SE CUENTA EL FIN DE ESTA VERDADERA HISTORIA


Á los primeros albores de la mañana siguiente ya todos estábamos en movimiento y á la obra, porque lo cierto es que no era trabajo tan sencillo el trasporte de toda aquella masa de oro por cerca de una milla, en tierra, y por tres millas, en el bote, hasta llegar á La Española, siendo como éramos tan escaso en número los operarios. Los tres rebeldes escapados la víspera y que forzosamente permanecían aún en la isla, no nos dieron ningún quehacer. Pusimos un centinela en el declive de la loma para evitarnos una sorpresa, y por lo demás, nos tranquilizaba la idea de que ya no deberían tener mucha gana de pelear después de los sucesos de cuatro días infructuosos para ellos.

Con esta creencia, la obra del trasporte fué activada vigorosamente. Gray y Ben Gunn iban y venían con el bote, mientras los restantes, durante sus ausencias apilaban oro en la playa. Dos de aquellas barras atadas con un cabo de cuerda hacían una carga suficiente para un hombre formal, y puede creérseme que todos se sentían contentos hasta no poder más de ir marchando lentamente con semejante carga. Por lo que hace á mí, como no les era muy útil para el acarreo, me ocuparon todo el día en la gruta en empacar las monedas en cajas y sacos que se habían traído exprofeso para el objeto en La Española.

Como en la talega de Billy Bones, había allí la más extraña colección de monedas, sólo que en cantidad infinitamente superior, por de contado, y en mucha mayor variedad, al grado de que no creo haber gozado más en mi vida que al separarlas y arreglarlas. Monedas francesas, inglesas, españolas, portuguesas, Jorges y Luises, doblones y dobles guineas, moidores y zequíes, con los retratos de todos los soberanos de Europa, lo menos por un siglo; y extrañas piezas orientales marcadas con lo que me parecía haces de cuerdas ó trocitos de telarañas, piezas circulares, y otras agujereadas como si se las hubiera destinado á llevarse al cuello á guisa de collar; casi todas las variedades de moneda conocida, en una palabra, tenían sus representantes en aquella colección. En cuanto al número, tengo por cierto que eran tan incontables como las hojas que el otoño esparce; de tal suerte que la espalda me dolía ya terriblemente de tanto estar inclinado y las uñas me punzaban con el trabajo de la separación.

Un día y otro día repetíamos el mismo trabajo y á la llegada de cada noche una verdadera fortuna se había llevado á bordo de La Española, en tanto que otra fortuna más quedaba aún esperando para el día siguiente. En cuanto á los tres rebeldes sobrevivientes, para nada nos molestaron.
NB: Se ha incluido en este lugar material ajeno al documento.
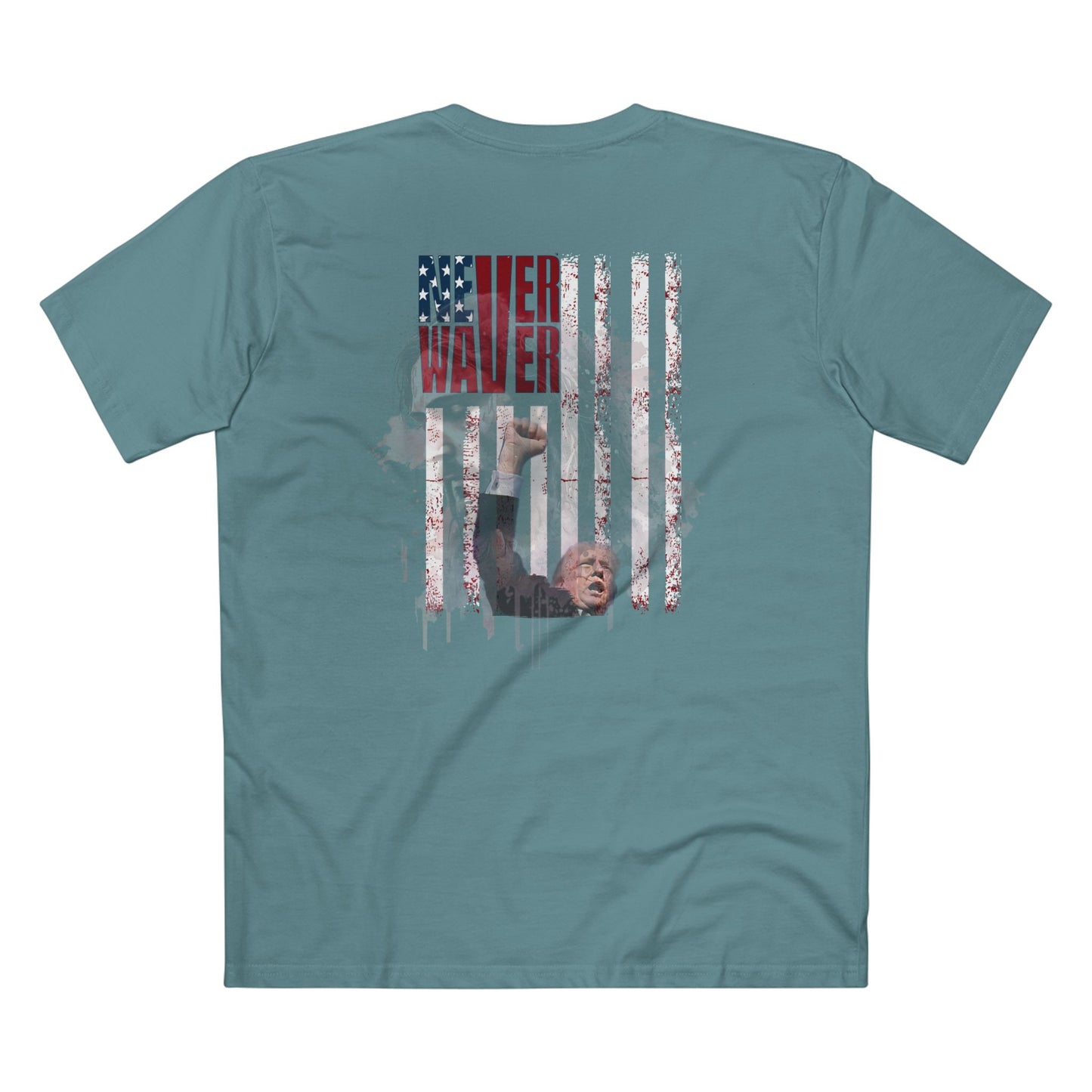 Never Waver Jesus Protecting America And Trump Men's Staple Tee - Never Waver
Por último—y creo que esto fué la tercera noche—el Doctor y yo vagábamos por el declive de la loma en el punto en que pueden dominarse desde ella todas las partes bajas de la isla, cuando en medio de la oscuridad de la noche el viento trajo hasta nosotros un rumor entre ahullido y canto. Fué una mera ráfaga lo que llegó á nuestros oídos y luego se restableció de nuevo el silencio.

—Dios los tenga de su mano, dijo el Doctor; esos son los rebeldes.

—¡Borrachos, sí señor!, añadió la voz de Silver tras de nosotros.

Aquí es la oportunidad de decir que á Silver se le había dejado el pleno goce de su libertad y que, á pesar de que tuvo que sufrir diarios y constantes desaires, parecía él considerarse, una vez más, como un dependiente querido y privilegiado. Lo cierto es que era de admirar la prudencia con que sobrellevaba todas sus humillaciones y la invariable urbanidad con que trataba de congraciarse con todos. Sin embargo, tengo entendido que nadie lo trató mejor que si hubiese sido un perro; á no ser Ben Gunn, que continuaba sintiendo un terror pánico por su antiguo contramaestre, y yo que, en realidad, tenía algo que agradecerle, si bien es cierto que aun en esto podía yo haberme sentido tan predispuesto como otro cualquiera en contra suya, puesto que recordaba muy bien haberle visto meditando en la meseta una nueva traición en contra mía. En virtud de esto, no fué sino muy ásperamente que el Doctor le respondiera:

—Borrachos ó delirando, ¿qué sabe Vd.?

—Tiene Vd. razón que le sobra, replicó John. Pero lléveme el diablo si ni á mí ni á Vd. nos importa que sea lo uno ó lo otro.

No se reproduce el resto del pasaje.